In a shift, the Italian House spent seasons trying to hone in on a distinct vision of its codes. Few years in, offerings felt tasteful—pairing retro minimalism with a (somewhat) boudoir, cohesive edge. 

MILAN, ITALY – GUCCI’s pendulum continues swinging in an undaunted unison for next Fall. As a house whose usual game is creating fashion from a myriad of ideas and styles, and hodgepodging them together into a final, meticulously-thought creation, AW25 returned to this clean notion.

While the vision can sometimes feel like design scraps from the studio floor picked up and brought to life, the brand’s recent announcement of Sabato De Sarno‘s departure quivered the entire industry, driving it to a tumultuous state: where does this lead to?

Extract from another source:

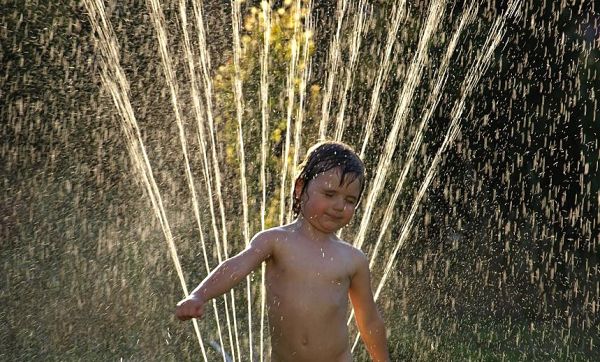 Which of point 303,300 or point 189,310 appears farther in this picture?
point 303,300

This autumn, offerings became more polished with a dash of retro-like glamour: in an inversion of Gucci’s pared-back approach, the lineup appeared as though it was finely deconstructed rather than thrown together. It worked. 

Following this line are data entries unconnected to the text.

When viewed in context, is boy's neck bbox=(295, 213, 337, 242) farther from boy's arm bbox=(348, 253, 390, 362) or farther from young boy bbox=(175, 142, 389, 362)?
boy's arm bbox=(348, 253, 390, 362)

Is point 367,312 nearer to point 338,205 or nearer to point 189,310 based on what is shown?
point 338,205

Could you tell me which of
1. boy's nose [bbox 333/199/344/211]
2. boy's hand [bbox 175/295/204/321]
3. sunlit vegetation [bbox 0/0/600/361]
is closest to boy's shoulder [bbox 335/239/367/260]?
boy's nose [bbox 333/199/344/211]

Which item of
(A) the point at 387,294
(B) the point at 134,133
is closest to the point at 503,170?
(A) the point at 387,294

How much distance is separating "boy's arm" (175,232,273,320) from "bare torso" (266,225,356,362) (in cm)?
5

The celebration of beauty in the broken echoes of the past, brought forth a slew of tasteful wardrobe pieces for the present within a dark green location, interlocking the famed G of the catwalk that stands for the founder—Guccio Gucci—as an emblem that celebrates its fiftieth anniversary this year. The dualism splashed across menswear and womenswear ushering a synergy as a whole, like a double helix, yin and yang, or the lemniscate of infinity, each defines the other.

Worthy of note was the presence of tailored severity placed against a playful thread, which featured breezy fabrics traversing the entirety of the collection, transposed into the women’s arena. Sharpness and delineation are strongly featured across suiting, yet at times are slashed by a sultry dash of flesh, a touch of colour, or a subversive crepe de chine. 

Showing a softness at odds with traditional tweeds, classic British men’s tailoring motifs are mirrored in the patterns found in sinuous crepe shirting and blouses. The pendulum continues in a sartorial juxtaposition.

A dialogue between hard and soft runs apace in brushed mohair shirting, mother-of-pearl leathers, coated wools and bonded boucles, punctuating fabric experimentation while embracing classicism and subversive minimalism. The most impressive looks were executed by colour harmonies that conjured both womenswear and menswear outings in shades of greens, greys and browns.

The overarching message was one of defiant traditionalism and optimism, exploring the future of the house’s codes and the relationship between perceived weakness and potential strength, all while celebrating what’s to come. Fittingly, the final look on the menswear front was an all-white suit, to create a clean slate for the next creative suitor. Indeed, hope might be the best resistance.